Paper No. 2
Presentation Time: 1:30 PM-4:30 PM
A RECORD OF LATE QUATERNARY ENVIRONMENTAL CHANGE: STRATIGRAPHY, PALEOECOLOGY, AND TEPHROCHRONOLOGY FROM MARIPOSA CREEK, YUKON TERRITORY, CANADA
Late Quaternary stratigraphy, tephra, pollen, plant macrofossils, and insect fossils were studied from a placer mine site along Mariposa Creek in west-central Yukon. Stratigraphy from the eastern placer pit face (Wall A) appears relatively unaffected by cryoturbation and erosional events suggesting a continuous record of environmental change dating back ~ 60 ka. Samples of possible early-Middle Wisconsinan-age (ca. 45 000 to 60 000 B.P.) from Organic Unit 1 indicate an open forest-shrub/tundra environment that was slightly colder and drier than present. Floral and faunal remains from Organic unit 1 correlate well with other probable early-Middle Wisconsinan (Boutellier interval) sites, most notably the Foraker Slump site in Alaska. Preliminary analysis indicates the presence of a previously unidentified type II tephra within Organic Unit 1, tentatively named Mariposa Creek tephra. Overlying Organic Unit 1 is a ~1m thick unit of weathered colluvium cut by an ice-wedge pseudomorph. This colluvium unit may represent severe conditions of the late Wisconsinan.
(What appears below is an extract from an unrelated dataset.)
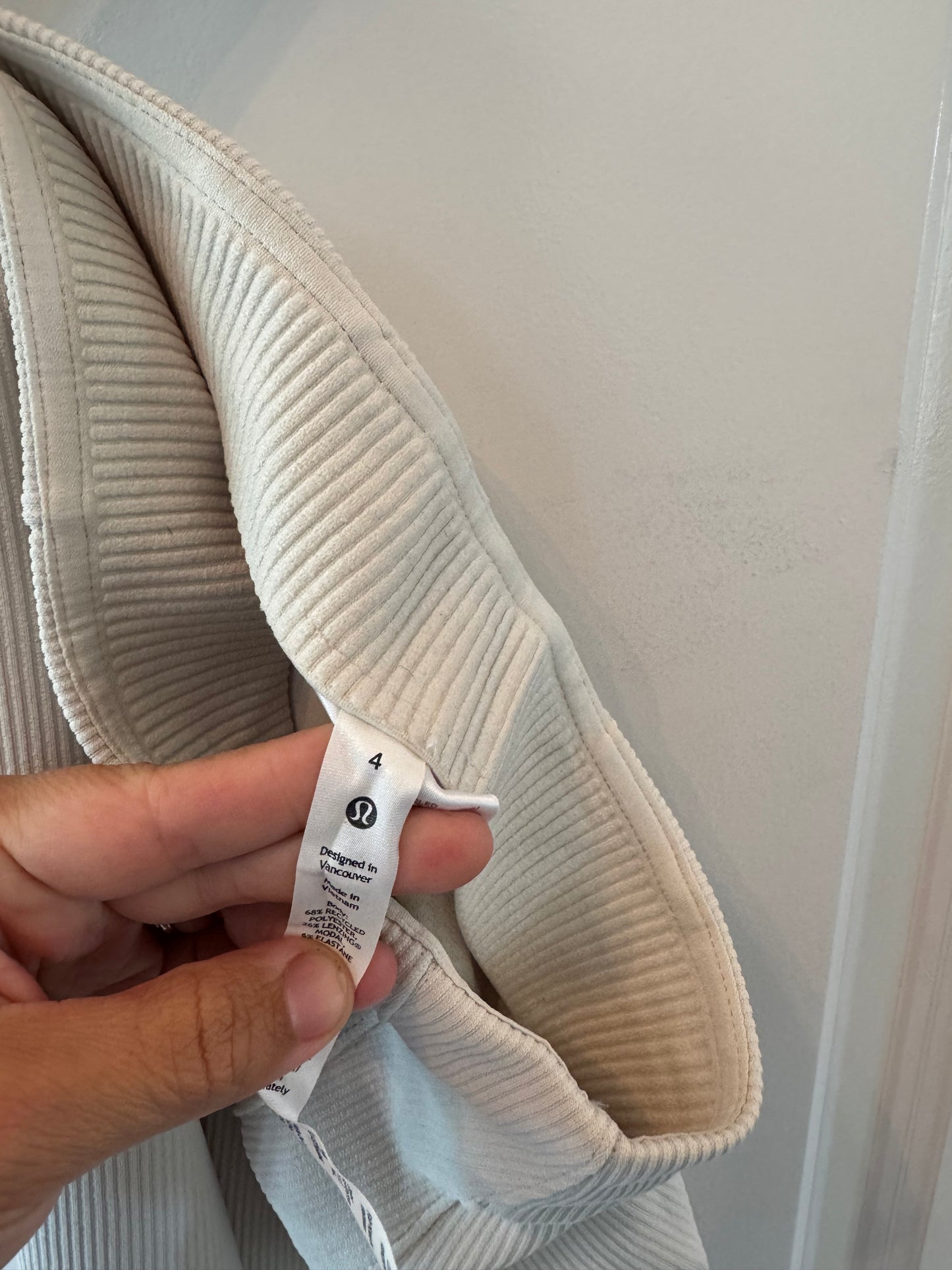 Lululemon High Rise Flare Leggings Women’s Size 4 Light Tan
Organic Unit 2 is Holocene with two distinct peat beds occurring near the bottom and top of the unit. Paleoecology of the upper peat (~2850 B.P.) suggests a mature spruce forest analogous to the modern ecological setting. Early Holocene samples from the lower peat bed suggest the presence of an open forest-shrub/tundra environment that was at least as cold and dry as the environment represented in Organic Unit 1.